The harrowing events of recent weeks -- the continuing clashes between armed Israeli troops and stone-throwing Palestinian Arab protesters in the occupied territories -- undoubtedly have raised questions about the safety of visitors heading to Israel for the big celebration. The government has moved with force to quell the disturbances, firing on the demonstrators and using clubs, and the death toll now numbers more than four dozen. Obviously, the violence is of great con- cern to travelers: Is a sightseeing trip to Israel safe?

The Israelis say yes, arguing that the disturbances so far have mostly been limited to areas not normally visited by tourists. In addition, travelers can expect to see heavier security forces in evidence at tourist sites.

Press coverage of the violence "is not flattering to Israel," says Joseph Shoval, the embassy attache' in Washington for tourism affairs, "and it's embarrassing. But it has nothing to say about the safety of the people living in the country or the 1.5 million tourists who come every year ... Safety and security are guaranteed."

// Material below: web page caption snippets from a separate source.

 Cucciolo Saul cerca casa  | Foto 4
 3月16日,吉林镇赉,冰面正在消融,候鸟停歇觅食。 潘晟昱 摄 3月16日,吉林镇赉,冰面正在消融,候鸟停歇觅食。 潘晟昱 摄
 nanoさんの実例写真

For example, much of the rioting has occurred in Gaza, Shoval says, which has little attraction for tourists. "We say Gaza is not a place where Jesus visited, where Moses visited. It's not a holy place and never has been." However, a brief Arab demonstration did occur one day in January in the Old City of Jerusalem, a popular tourist site. Shoval sees it as no reason to be dissuaded from a visit.

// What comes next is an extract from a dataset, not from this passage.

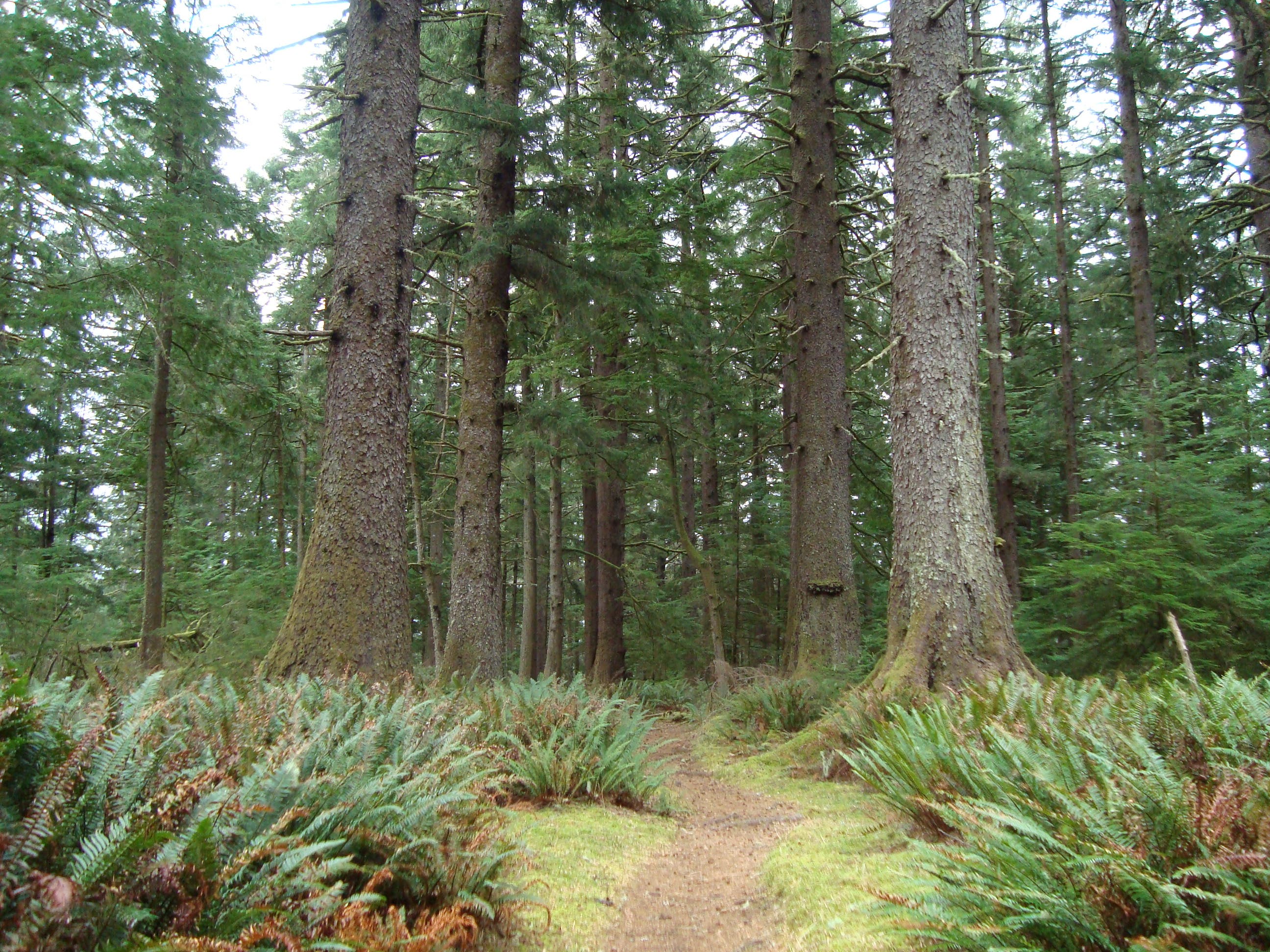Old-Growth Spruce Trees None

As of last week, the State Department, which issues travel advisories or warnings about the world's trouble spots, had not changed an indefinite advisory it first distributed in 1982. The advisory cautions that conditions in the West Bank and the Gaza Strip affecting the safety of travelers "can change with little warning." Any U.S. visitor leaving Jerusalem for the West Bank should contact the U.S. consulate-general's office in Jerusalem. Those headed for the Gaza Strip should check with the U.S. Embassy in Tel Aviv.

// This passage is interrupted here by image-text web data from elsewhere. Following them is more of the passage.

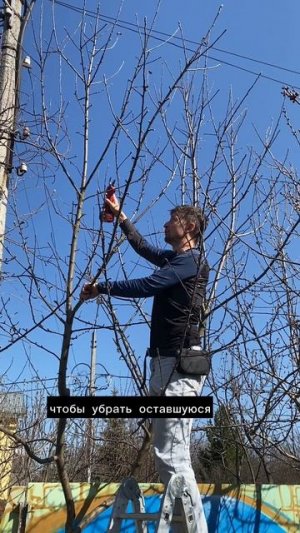 Обрезка молодой яблони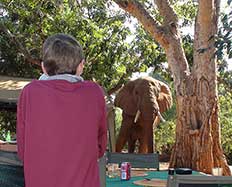 Elephant encounter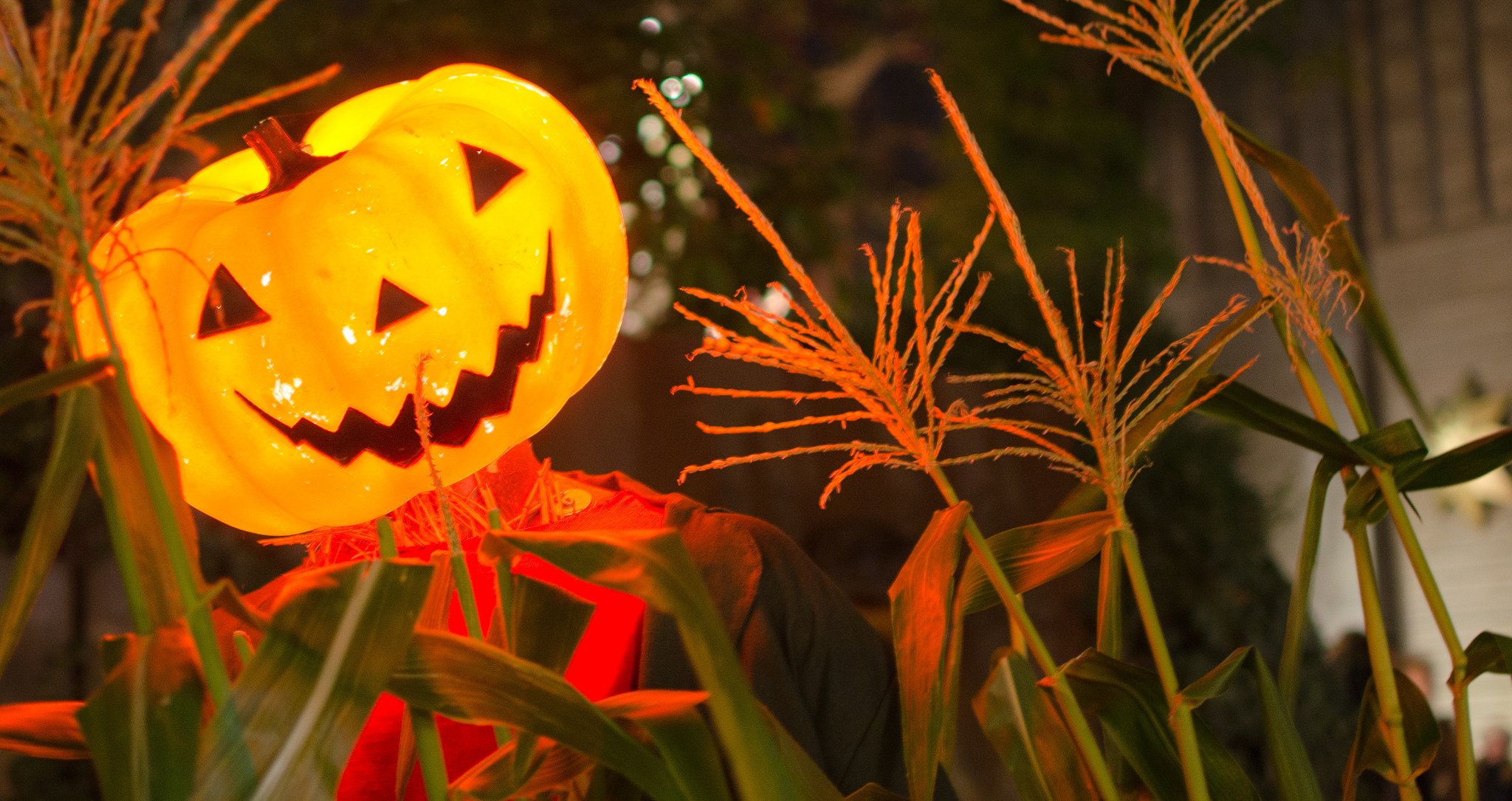 halloween, Citrouille, Pumpkin Wallpaper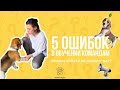 5 ОШИБОК В ОБУЧЕНИИ КОМАНДАМ: почему собака не слышит вас?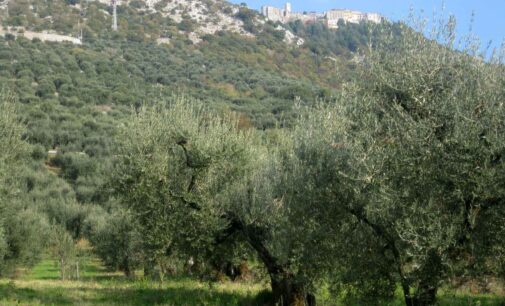 Raccolta delle olive, per il Capol l’olio sarà poco ma buono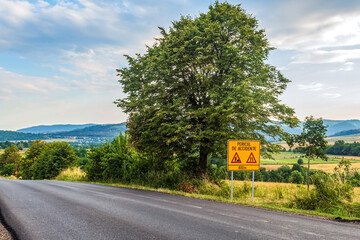 Landscapes, Forest, Carpathians, Photos of nature - Europe, Eastern Europe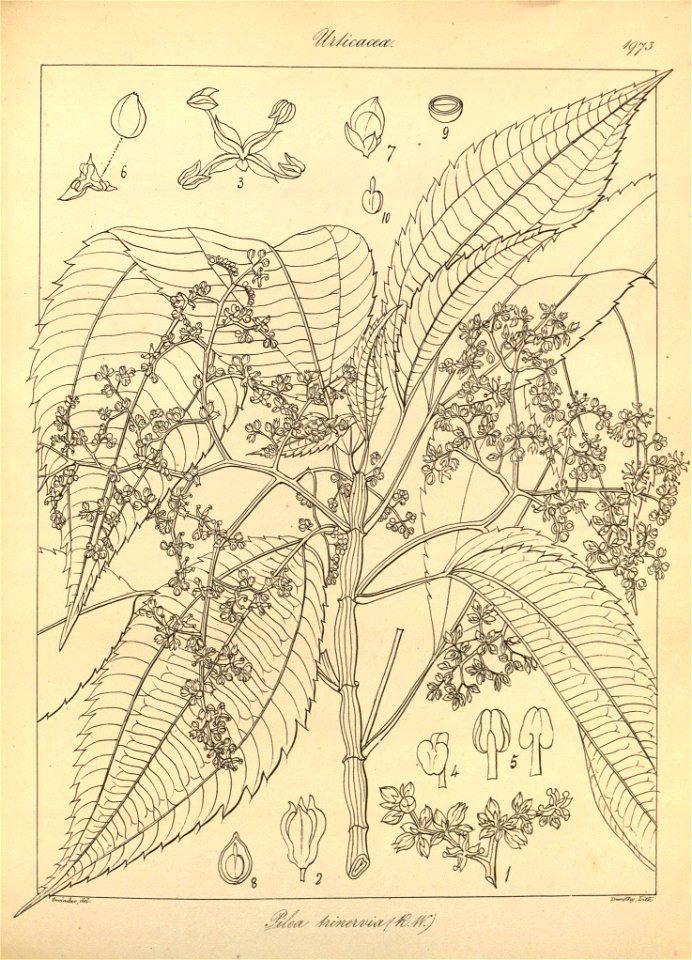 n108_w1150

The disturbances appear to be having some adverse effect on travel to Israel this year, but just how badly is not easy to determine. There have been cancellations, and some tour organizers say they are not getting the advance bookings they might expect at this time of year. It is thought the dropoff stems from safety fears and are not protests against Israeli actions. Israeli tourism officials, however, discount the impact of the clashes.

"Considering the amount of bad publicity, one would have expected the collapse of the tourist industry," says Shoval. However, any losses have been "insignificant," and new bookings for April and May -- the peak period for commemorative events -- "don't show any dramatic drop."

Joram Kagan, vice president of Unitours of Greenwich, Conn. agrees. "We have not seen signs of cancellations. This is very encouraging." His firm sends about 7,000 tourists to Israel annually.

On the other hand, Avi Kenet, vice president of Galilee Tours of New York, says, "It's quite obvious that it {the situation in Israel} has an influence. It's quite significant." The problem has not been so much cancellations as it has been a slowdown in bookings, principally from first-time travelers to Israel.

"Our future bookings are slow now," Kenet says, adding that "a distinction must be made between people who have been to Israel before and those people who have never been there. The only image they get is very unpleasant." Galilee Tours sends about 4,000 Americans to Israel annually, about 60 percent of them non-Jewish tourists. "They are more sensitive," he says, to the reports of trouble.

John McCommons, president of Western World Tours of Santa Barbara, which specializes in tours for religious groups, is having a somewhat different experience. In business for 27 years, his firm has a Holy Land tour organized for 200 American Protestants in April, and to date only a handful have canceled because of safety concerns. However, he says, he got word from a travel agent that a tour for 40 Jewish travelers for Passover in Israel was being canceled because too many people had dropped out.

On the plus side, Shoval points out that Israel is an especially good travel bargain this year. This is because the exchange rate between the U.S. dollar and the new shekel generally has remained stable, while the dollar has plummeted in relation to several West European currencies. Typically, a room in one of Israel's finest hotels with a full breakfast can be found for $70 to $120 a night for two people. This compares with $150 or much more for similar deluxe lodgings in London, Paris, Venice and Rome.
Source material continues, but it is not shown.